I previously made a poll on whether I should wrestle tempBOT or not. 
https://gbatemp.net/threads/poll-should-i-wrestle-tempbot.586187/
Literally, everyone voted yes.
You thought Logan Paul and Floyd Mayweather was big
THIS IS THE BIGGEST WAR OF ALL TIME
POLL LORD VS TEMPBOT


----------



## JuanBaNaNa (Jun 15, 2021)

Tpbot won't like this if you keep bothering it.
You might not know it... but Tempbot is even more powerful than P1ngpong.

Be afraid of Tempbot.


----------



## WiiMiiSwitch (Jun 15, 2021)

JuanMena said:


> Tpbot won't like this if you keep bothering it.
> You might not know it... but Tempbot is even more powerful than P1ngpong.
> 
> Be afraid of Tempbot.


I am the poll god, I ain't scared of no bot
Besides, the look at the results
I have to do it.
Soon, the battle will begin


----------



## JuanBaNaNa (Jun 15, 2021)

Well I tried to be reasonable with you. This might be the EOF and I might be a Troll most of the times... but we are serious when we say you shouldn't mess with Tempbot.

Think of it like this:



_Yesterday watched the movie for the very first time and it has memorable quotes._


----------



## WiiMiiSwitch (Jun 15, 2021)

JuanMena said:


> Well I ttied to be reasonable with you. This might be the EOF and I might be a Troll most of the times... but we are serious when we say you shouldn't mess with Tempbot.
> 
> Think of it like this:
> 
> ...



I don't have a choice. I made a promise


----------



## JuanBaNaNa (Jun 15, 2021)

WiiMiiSwitch said:


> I don't have a choice. I made a promise


Well, whatever. You're a halfwit. Alexander is right after all.


----------



## WiiMiiSwitch (Jun 15, 2021)

JuanMena said:


> Well, whatever. You're a halfwit. Alexander is right after all.


Thanks fellow halfwit


----------



## IC_ (Jun 15, 2021)

WiiMiiSwitch said:


> I don't have a choice. I made a promise


While we're talking about promises, remember how you promised that you would make the furry poll?


----------



## WiiMiiSwitch (Jun 15, 2021)

IC_ said:


> While we're talking about promises, remember how you promised that you would make the furry poll?

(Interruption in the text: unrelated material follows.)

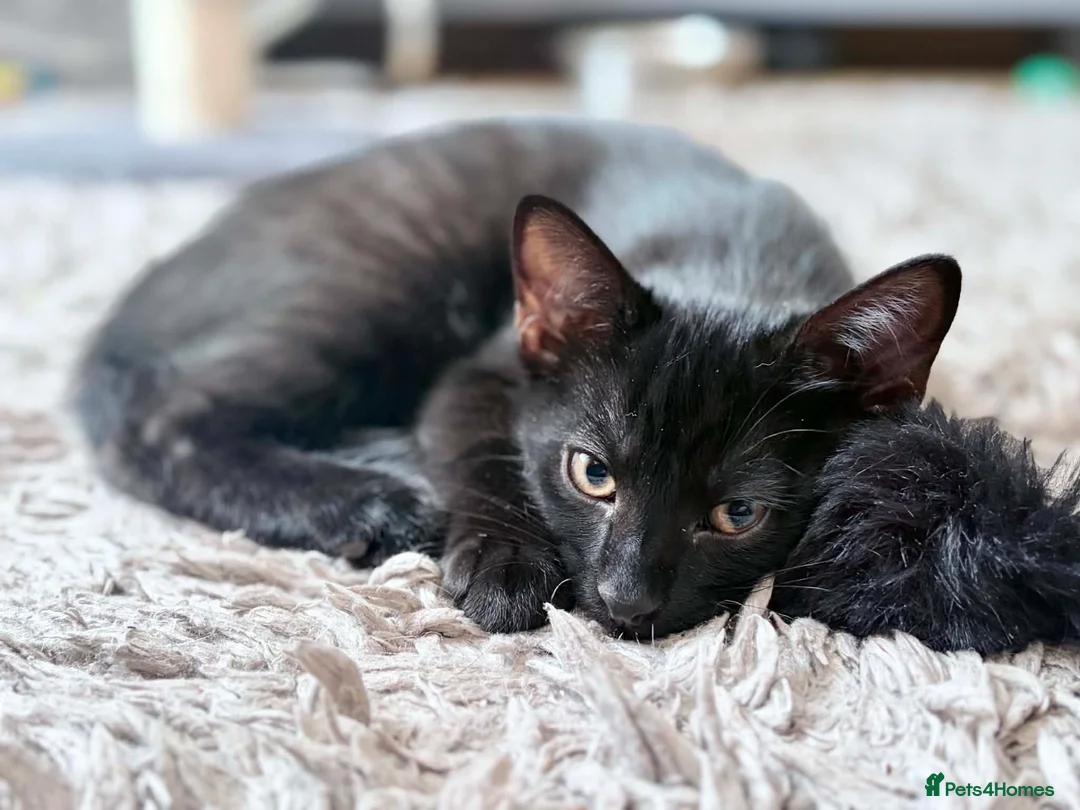 Mixed Breed cats for sale: Last kitten left  - Advert 2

That's different. I said if I WON


----------



## Vila_ (Jun 15, 2021)

rip wiimii


----------



## WiiMiiSwitch (Jun 16, 2021)

Vilagamer999 said:


> rip wiimii


Rip Mii


----------



## BlazeMasterBM (Jun 16, 2021)




----------



## WiiMiiSwitch (Jun 16, 2021)

BlazeMasterBM said:


>


Help


----------